These Creme Egg Brownies have 'addictive' written all over them! Super easy to make, rich and fudgy - everything a good brownie ought to be!
@Supergolden88's Creme Egg brownies
Makes: about 30 small squares
200g | 7oz unsalted butter, cubed
200g | 7oz good quality dark chocolate
150g | 5.3oz soft light brown sugar (can increase to 200g /7oz)
125g | 4.4oz plain (all purpose) flour
7 level tbsp cocoa powder
1/2 tsp salt
20 mini creme eggs, halved lengthwise
For the glaze
85g | 3oz icing sugar
1 tbsp milk (more if needed)
couple of drops vanilla extract
yellow food colouring (optional)
1. Preheat the oven to 180C | 350F. Line a deep square pan (23cm/9x9in) with baking paper letting the paper hang over the edges.
2. Chop the chocolate into small chunks.
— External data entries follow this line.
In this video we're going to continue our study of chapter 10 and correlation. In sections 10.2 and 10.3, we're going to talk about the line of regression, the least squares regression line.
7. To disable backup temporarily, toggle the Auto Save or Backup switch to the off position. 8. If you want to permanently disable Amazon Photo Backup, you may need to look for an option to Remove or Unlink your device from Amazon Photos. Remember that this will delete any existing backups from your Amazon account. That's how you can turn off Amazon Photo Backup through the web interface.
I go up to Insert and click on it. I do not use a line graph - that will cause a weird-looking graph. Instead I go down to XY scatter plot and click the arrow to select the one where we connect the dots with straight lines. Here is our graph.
Place the chocolate and butter into a small pot and allow them to slowly melt over very low heat or use the double boiler method. Take off the heat and set aside to cool slightly.
3. Put the eggs and sugar in large bowl and use a electric hand whisk to mix together until frothy and doubled in volume.
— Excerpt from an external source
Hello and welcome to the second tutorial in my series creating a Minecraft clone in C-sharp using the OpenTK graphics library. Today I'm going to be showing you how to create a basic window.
4. Gradually add the melted chocolate into the eggs and mix together using a hand whisk until smooth.
5. Sift the flour, cocoa and salt into the chocolate and mix together until the batter is smooth. Fold in half the creme eggs.
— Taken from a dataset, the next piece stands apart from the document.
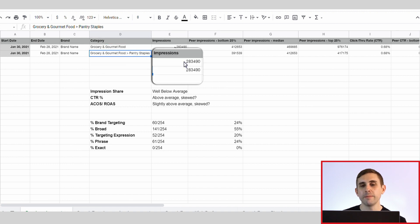Further along in the report, you can see some really amazing information: the amount of clicks, impressions, click-through rate, spend, cost per click, 14-day total orders, 14-day total sales, total ROAS, ACOS, and conversion rate. All of the information you need to start making good decisions about this data.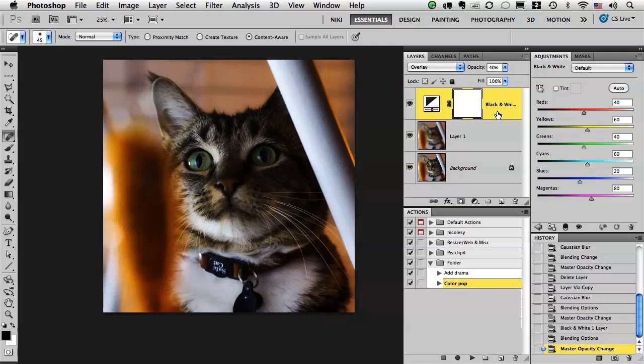When you're creating actions, there are some keyboard shortcuts that can be extremely useful. Let me show you an example.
6. Pour the batter into the prepared tin and bake for 10-15 minutes or until the top is nearly - but not quite - set.
7. Remove the tin from the oven and arrange the remaining creme eggs over it in a neat pattern. Bake for a further 10-15 minutes or until the creme eggs have started melting and the brownies are mostly firm on top with a slight 'give'.
8. Pull the brownies out of the tin using the baking paper and allow to cool on a wire rack.
9. Mix the icing sugar, vanilla extract, food colouring (if using) and enough milk to make a pourable icing. Drizzle over the brownies and cut into small squares using the creme eggs as a guide. Best eaten within a couple of days.
NOTES: you can place the creme eggs on the brownie batter as you put them in the oven. They will sink into the brownie more but won't retain their shape as well.